The Power of Hair: Symbols and Metamorphoses
By Béa Aaronson
No other part of the body seems to hold such a variety of symbolic power as the hair. It is both part of our body and therefore part of our individual identity, and yet, it is changeable, removable. Hair can be altered according to taste and fashion, social religious customs, and political aims. Hair can be covered or revealed, given or revered. Growing quicker than any other part of our body, it is our most visibly living organ and in this sense is a manifestation of life. At the same time, hair is composed entirely of dead cells, thus also projecting our human mortality.
“The Power of Hair: Symbols and Metamorphoses”
Mon, Nov 30, 4pm
The Jewish Cultural Center JC3
Calle de las Moras 47
Corner with 5 de Mayo
At the intersection of anthropology, psychology, the history of ancient and contemporary art, fashion and manners, crossing over time and space frontiers, over gender boundaries, the culture of hair belongs to all humans. This presentation will examine individual issues of intimacy and sociability through the universal theme of hair. Whether belonging to the traditions of the West, the East, the Middle East, the Far East, the Americas, the Pacific, the North, the South and whether short, long, blond, red, dark, loose or tight, straight or curly, braided, sculpted, colored, shaved, woven into cloth and hats, or collaged into art, hair conjugates all of human behaviors and feelings.

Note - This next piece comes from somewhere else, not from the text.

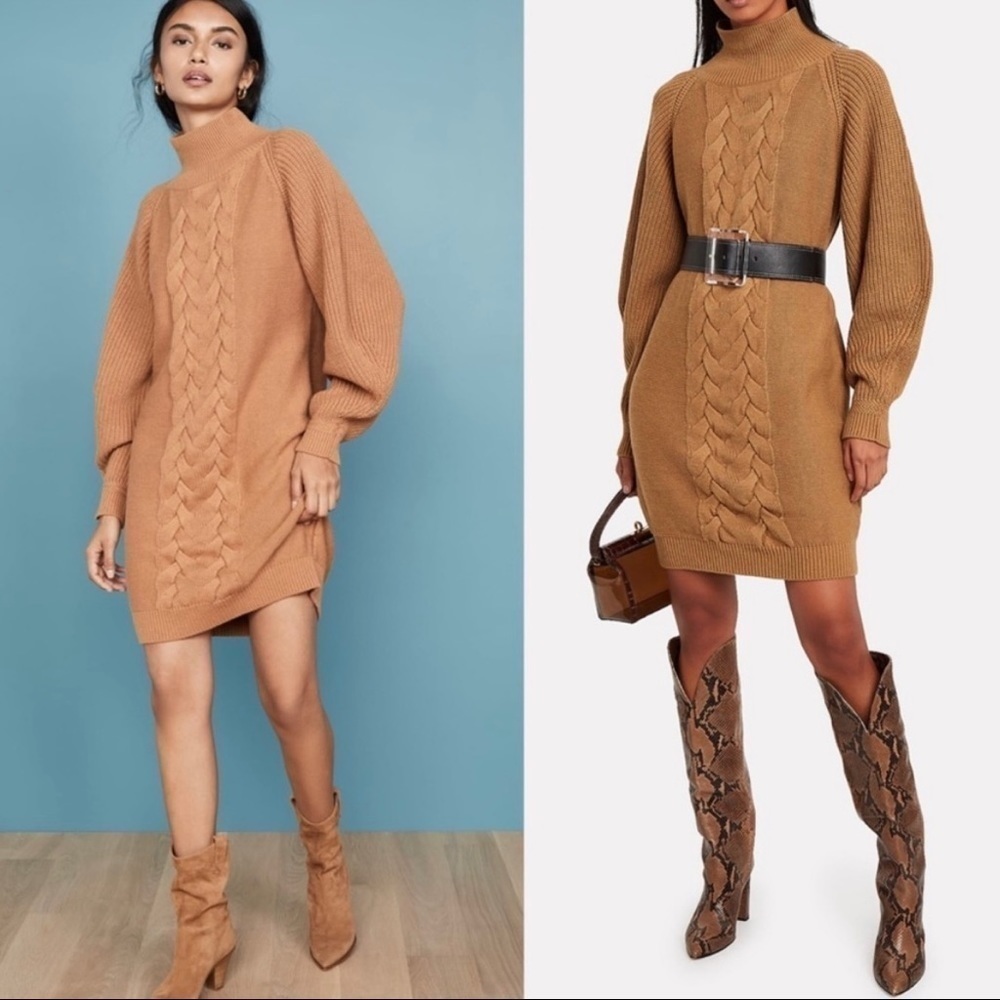 Caroline Constas Cable Knit Turtleneck Sweater Mini Dress in Camel Tan Cotton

The way we humans have used our hair as a language to communicate spiritual, sexual, social, and political messages is endless. I shall hopefully astonish your sensitivity and acquaint you with unforgettable images from all over the world to disclose the power of hair. From seduction and narcissism, to rebellion, war, and status symbol, to magical powers and memento mori—memories in physical form, relic, talisman, trophies, scalps, believing that hair retains the aura and energy of its owner—I shall show you as many examples as possible (photographs as well as numerous art works) to illustrate this fascinating eloquence.
Comparing coquetries and spiritual messages from ancient Egypt, Jewish, Christian, Sikh, and Sufi cultures, as well as Papua New Guinea, India, Africa, Japan, and China, Native American Indians, and those of haute coiffure and punk hair artists, I shall demonstrate how hair has actually succeeded in simultaneously raising and erasing cultural differences. The most obvious example will show how the punk culture appropriated for itself the rebellious Mohawk from the Kanienkehaka nation. Another example will startle you as I trace Jewish side locks, known as peyos, back to Cleopatra and the Egyptian pharaohs, and link them to African, Chinese, and Rastafarian dreadlock hair culture.
A medium for knowledge, the relativity of beauty, and psychological assertion, hair is also an object of spiritual belonging, of joy, health, and life, as well as a symbol of material vanity, a symbol of loss, time passing, illness, and death. Consciously or unconsciously, there are a lot of feelings and identity issues wrapped in our locks.